Rick était selon Carl, la bonne personne pour ce poste. Hot Rodder de longue date, Rick a commencé sa carrière en fabriquant des dragsters en Pennsylvanie. Il a migré en Californie dans les années 1990 après avoir “pris langue” (comme les avocats dont c’est le charabia) avec Pete Chapouris au So-Cal Speed Shop pour se faire payer de ses compétences au service de projets dans ce magasin légendaire. En fait, Rick dit que le coupé de Carl est le dernier Hot Rod auquel Pete Chapouris a participé lors de ses débuts chez So-Cal. Une telle histoire dispose, voire rayonne, d’un destin aussi pathétiquement vain que si je me mettais à narrer la définition d’un emporte-pièce et d’en créer un poème… Compte tenu de tout cela, décrire le détail de la fabrication du châssis et de toutes les pièces constituant ce Hot-Rod en star de cet article, me plonge dans une hébétude déprimante…
Elle expose l’inéluctable montée d’un delirium tremens qui est la somme des considérations techniques voire physiologiques du Hot Rodding… Et puis voilà, le vide trouve brutalement une autre pente, il ne s’agit pas d’un évanouissement extatique, que nenni, non, je suis submergé par un mélange unique d’engouement et de fébrilité… Mes visions se nourrissent pendant que mon énergie vitale s’amenuise. En un sens, tout cela est insipide mais au sein de ma perception émiettée, mon esprit parvient encore à s’ouvrir pour peu qu’un précipité de circonstances qui n’est pas un individu particulier, m’y oblige. Les choses se fondent alors dans un paysage nébuleux, complexe et divers, plein de mille nuances, comme si la création toute entière se déployait soudain pour se ramasser aussitôt, en un instant. Et je suis là en train de narrer une angoisse morale impossible à décrire aux ignorants…

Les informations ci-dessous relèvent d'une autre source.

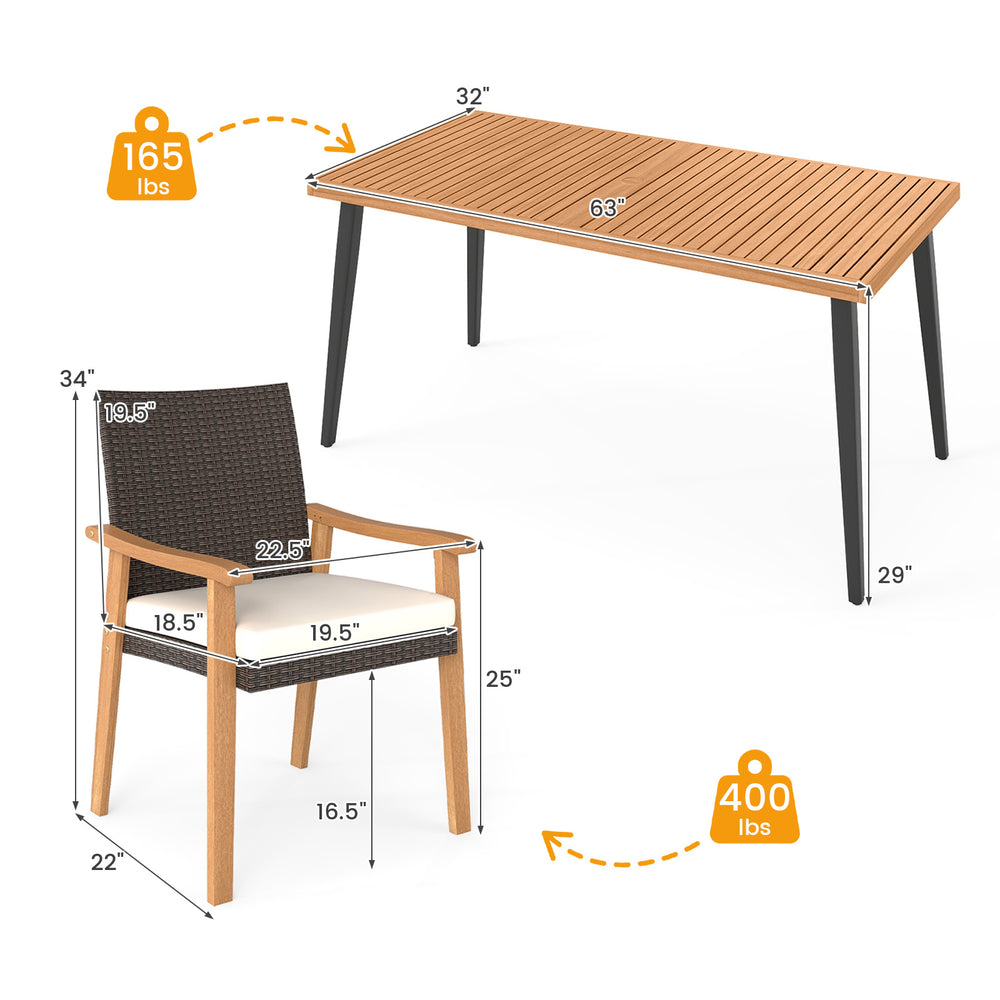 Dimension chart of the 7-piece patio dining set, detailing table and chair measurements for optimal space planning.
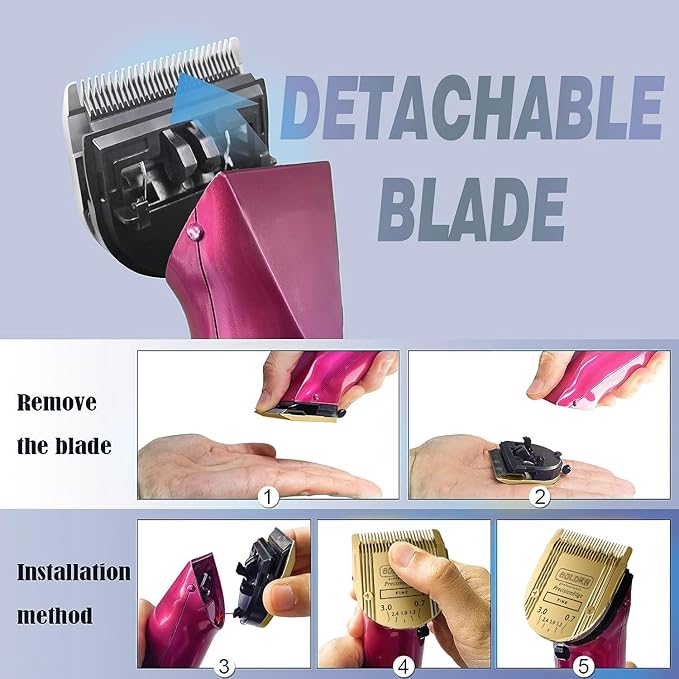 Adjustable 5 in 1 Blades Compatible with WAHL Arco,Bravura .Chromado,Creativa,Figura Dog Clippers for Dogs Grooming(Gold/3PC)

Elle le fait sous l’enchaînement d’un mécanisme ayant seulement à voir avec l’univers et la vie. On ne se brouille que lorsque les exigences de la vanité, les problèmes de personnes les plus pitoyables sont à l’œuvre, raison pour laquelle tout narrateur d’écrits vains crée dans ses textes un contenu d’une ampleur effarante à l’expression : “Continuer sur sa lancée”… La saturation est ce qui autorise la perpétuation de l’ivresse, un moyen de se livrer aux visions qui ne gisent même pas dans l’écriture et aussi joie soudaine et viscérale quand mes visions de mots en ordre rythmique, tous dans un gigantesque maelstrom traversent mon esprit en grondant, alors je m’étends dans le noir en voyant aussi, en entendant aussi, le jargon des mondes futurs dans un flot de sons ruisselants qui témoignent de la folie, du vide, du tintement et du grondement de mon esprit…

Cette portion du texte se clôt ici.